State the explanation objective, pick the mode — High-Level Overview, Function Walkthrough, Architecture Explanation, Legacy Code Analysis, Algorithm Breakdown, or Beginner Friendly — and choose the audience and learning depth. Each mode is a different educational objective with its own strategy, execution-flow treatment, and learning notes; each audience changes the assumptions, not the wording — a senior developer gets rationale instead of narration, a technical manager gets behavior and risk with minimal code. Optionally add the business context that "explain this code" always loses, and paste the code itself (carried verbatim in a fenced block). The live Explanation Preview shows the contract's shape. Click Generate Explanation Prompt for the full understanding contract: strategy, key concepts, execution flow, design decisions, an assumptions discipline where intent is labeled as inference, tradeoffs scaled to the chosen depth, and learning notes.

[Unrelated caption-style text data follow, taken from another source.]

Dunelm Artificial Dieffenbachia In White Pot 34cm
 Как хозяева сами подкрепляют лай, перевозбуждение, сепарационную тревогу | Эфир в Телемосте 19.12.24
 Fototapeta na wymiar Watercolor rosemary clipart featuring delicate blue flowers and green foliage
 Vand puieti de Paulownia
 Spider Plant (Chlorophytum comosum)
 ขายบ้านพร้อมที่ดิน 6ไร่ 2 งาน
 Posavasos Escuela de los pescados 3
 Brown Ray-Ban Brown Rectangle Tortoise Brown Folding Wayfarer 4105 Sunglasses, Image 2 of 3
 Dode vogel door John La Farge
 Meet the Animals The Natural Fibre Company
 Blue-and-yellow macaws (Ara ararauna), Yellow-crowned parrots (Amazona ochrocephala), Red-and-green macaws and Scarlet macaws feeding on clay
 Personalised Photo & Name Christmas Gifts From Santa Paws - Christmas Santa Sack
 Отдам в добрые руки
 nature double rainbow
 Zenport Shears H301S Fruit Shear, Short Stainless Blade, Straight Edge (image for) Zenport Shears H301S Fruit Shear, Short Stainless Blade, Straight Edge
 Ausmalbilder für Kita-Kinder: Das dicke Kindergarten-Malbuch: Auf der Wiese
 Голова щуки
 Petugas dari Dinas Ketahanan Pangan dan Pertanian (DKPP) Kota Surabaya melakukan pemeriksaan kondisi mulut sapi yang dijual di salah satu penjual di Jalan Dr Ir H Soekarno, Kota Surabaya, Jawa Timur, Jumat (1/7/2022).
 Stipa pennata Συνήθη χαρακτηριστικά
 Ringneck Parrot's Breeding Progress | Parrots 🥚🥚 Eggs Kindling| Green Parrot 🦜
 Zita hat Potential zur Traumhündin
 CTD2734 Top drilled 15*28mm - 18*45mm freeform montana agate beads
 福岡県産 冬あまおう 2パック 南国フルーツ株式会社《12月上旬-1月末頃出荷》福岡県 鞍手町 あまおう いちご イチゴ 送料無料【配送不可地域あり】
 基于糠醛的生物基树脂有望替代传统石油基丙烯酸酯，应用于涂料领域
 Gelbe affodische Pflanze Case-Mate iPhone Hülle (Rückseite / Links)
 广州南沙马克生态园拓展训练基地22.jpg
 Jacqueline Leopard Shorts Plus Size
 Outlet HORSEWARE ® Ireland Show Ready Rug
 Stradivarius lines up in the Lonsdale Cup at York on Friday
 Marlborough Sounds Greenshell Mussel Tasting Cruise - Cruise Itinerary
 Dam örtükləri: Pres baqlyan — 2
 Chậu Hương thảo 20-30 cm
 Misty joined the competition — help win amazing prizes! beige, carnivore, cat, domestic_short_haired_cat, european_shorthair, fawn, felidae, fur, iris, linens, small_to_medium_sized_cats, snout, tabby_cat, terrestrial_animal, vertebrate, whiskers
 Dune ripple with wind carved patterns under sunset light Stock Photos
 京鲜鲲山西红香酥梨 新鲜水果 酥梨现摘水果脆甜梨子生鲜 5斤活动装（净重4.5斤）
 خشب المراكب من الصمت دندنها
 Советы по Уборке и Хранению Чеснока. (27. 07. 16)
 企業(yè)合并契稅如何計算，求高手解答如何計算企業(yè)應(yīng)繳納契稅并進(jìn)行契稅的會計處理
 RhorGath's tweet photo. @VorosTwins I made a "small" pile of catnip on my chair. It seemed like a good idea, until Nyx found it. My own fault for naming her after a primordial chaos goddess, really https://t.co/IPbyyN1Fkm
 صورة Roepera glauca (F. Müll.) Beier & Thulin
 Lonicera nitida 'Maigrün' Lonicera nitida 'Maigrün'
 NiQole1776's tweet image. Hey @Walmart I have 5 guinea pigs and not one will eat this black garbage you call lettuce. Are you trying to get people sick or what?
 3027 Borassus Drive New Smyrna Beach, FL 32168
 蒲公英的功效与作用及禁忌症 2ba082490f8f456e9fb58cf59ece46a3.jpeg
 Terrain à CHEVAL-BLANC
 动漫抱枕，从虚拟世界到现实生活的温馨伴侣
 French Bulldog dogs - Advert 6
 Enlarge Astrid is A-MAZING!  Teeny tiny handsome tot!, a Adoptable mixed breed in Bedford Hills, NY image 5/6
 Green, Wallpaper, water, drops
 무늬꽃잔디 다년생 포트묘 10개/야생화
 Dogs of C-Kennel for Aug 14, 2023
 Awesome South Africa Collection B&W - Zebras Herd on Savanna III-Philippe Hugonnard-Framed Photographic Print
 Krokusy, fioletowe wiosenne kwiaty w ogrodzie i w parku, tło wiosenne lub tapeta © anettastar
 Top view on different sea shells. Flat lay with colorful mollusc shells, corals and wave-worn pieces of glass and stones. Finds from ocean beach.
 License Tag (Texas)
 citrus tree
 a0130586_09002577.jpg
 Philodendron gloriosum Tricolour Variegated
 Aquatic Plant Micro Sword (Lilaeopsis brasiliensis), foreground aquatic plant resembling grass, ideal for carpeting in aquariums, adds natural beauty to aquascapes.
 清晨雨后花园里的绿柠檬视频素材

Nothing leaves your browser.

Use cases

  • Turning "explain this code" into a structured understanding contract
  • Onboarding a new team member into an unfamiliar module
  • Decoding legacy code whose authors and documentation are gone
  • Breaking down an algorithm with complexity and tradeoffs

Pro tips

  • Fill the Business / System Context field — it's the single highest-leverage input. "Explain this code" fails mostly because the model has no idea what the system is for; two sentences fix that.
  • Match the audience honestly. Sending a senior-developer explanation to a junior loses them; sending a junior explanation to a senior wastes their time. The contract calibrates every section to the audience you declare.
  • Use Legacy Code Analysis when names and comments can't be trusted — its strategy explicitly walks the actual behavior, not the apparent one, and treats oddities as evidence of forgotten requirements.
  • Read the ASSUMPTIONS and open-questions parts of the answer first. An explanation that admits what it cannot determine from the code is far more trustworthy than one that tells a smooth, complete story.

FAQ

Does this tool explain my code?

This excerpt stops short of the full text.